Martin's Thanksgiving Candy
I've watched "Planes, Trains & Automobiles" numerous times since its release back in the late 80s and have always liked it. The daft thing is that it took another movie, "Due Date" which came out in 2010 for me to realise exactly how good John Hughes's buddy/ road-trip movie is. You watch the two very similar movies and you can not only see the influence of "Planes, Trains & Automobiles" on "Due Date" but you can see what is missing. What that is, well to be honest it is hard to describe because it is knowledge, two comedians knowing how to work together to sell jokes and a director who whilst adept at delivering funny never takes his eye off of the bigger picture. It is basically a complete package which makes "Planes, Trains & Automobiles" still the great comedy it was when I first watched it many years ago.
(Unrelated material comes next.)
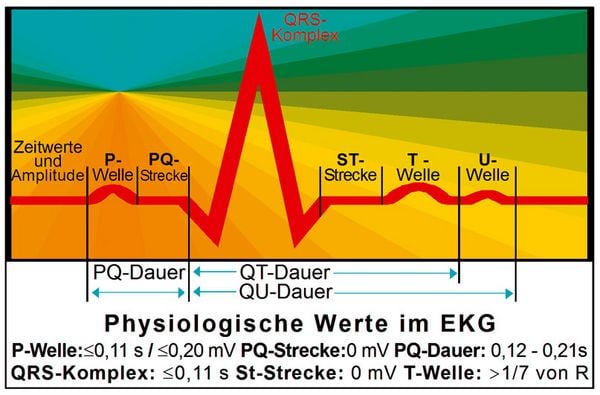 Produktbild: EKG Lineal professional II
Having promised to be home for Thanksgiving Neal Page (Steve Martin - Roxanne) is in a hurry for his meeting to finish so he can rush to the airport and get the flight to Chicago. Unfortunately for Neal nothing goes right, the meeting drags on, it's rush hour and he can't get a taxi and when he does someone else takes it when his back is turned. That someone else is shower curtain hook salesman Del Griffith (John Candy - Brewster's Millions) who enjoys chatting. But that is not the end of Neal's problems as from flights being delayed to re-routed to out of the way airports he finds himself having to travel home with Del via a variety of vehicles, sharing motel rooms and a lot of mishaps.
It would be really easy to describe "Planes, Trains & Automobiles" as a simple mix of road-trip movie with unlikely buddies as the basis of it because it is exactly that. We get to watch as not only does Del often annoy Neal but often is the cause of one accident after another which leads to more stress and time delays. But the thing about "Planes, Trains & Automobiles" is that there is a bigger picture than just road trip accidents and that is Neal discovering something about what is important in life. Now that may sound sentimentally slushy but Hughes incorporates it brilliantly so whilst we get to see glimpses of Neal becoming less uptight the big transformation doesn't come right until the end and a moment realisation.
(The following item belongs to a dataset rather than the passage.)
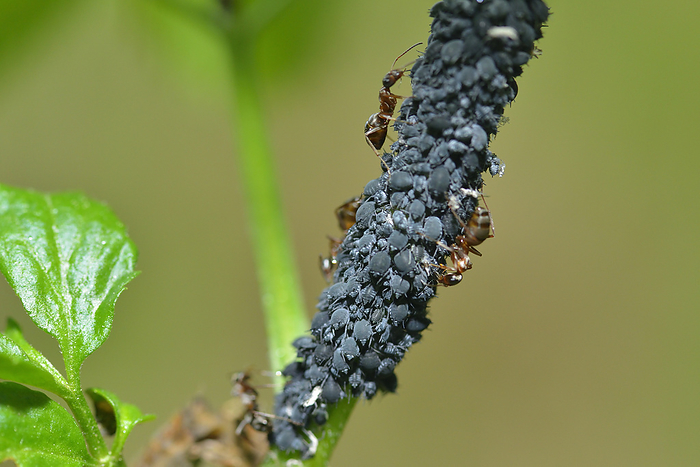 Aphids on a plant in the garden with ants Aphids on a plant in the garden with ants, by Zoonar Karin J hne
But of course the fun of "Planes, Trains & Automobiles" is the comedy, the mishaps, the accidents, injuries and various situations Neal and Del end up in. And there is a heck of a lot of them from incidents with pillows to driving the wrong way on a road as well as the general humour of Del annoying Neal the whole time. The daft thing is that there is a lot of normal jokes thrown in from broken car seats to Del and Neal having to share a bed yet everyone of them works and you don't find yourself groaning when one of these jokes crop up.
Now there is a good reason why you don't groan and that is because Steve Martin and John Candy sell every single joke brilliantly from huge set pieces to simple slapstick of falling over or getting crushed nuts. It is a big reason why for all those movies which have tried to imitate "Planes, Trains & Automobiles" none of them get close because you can't create that sort of chemistry which Martin and Candy had.
What this all boils down to is that whilst "Planes, Trains & Automobiles" is now over 25 years old it is still one of the best road trip/ buddy movies you will ever watch. What it has is more than comedy; it has a bigger picture and two comedians in Steve Martin and John Candy who had perfect chemistry.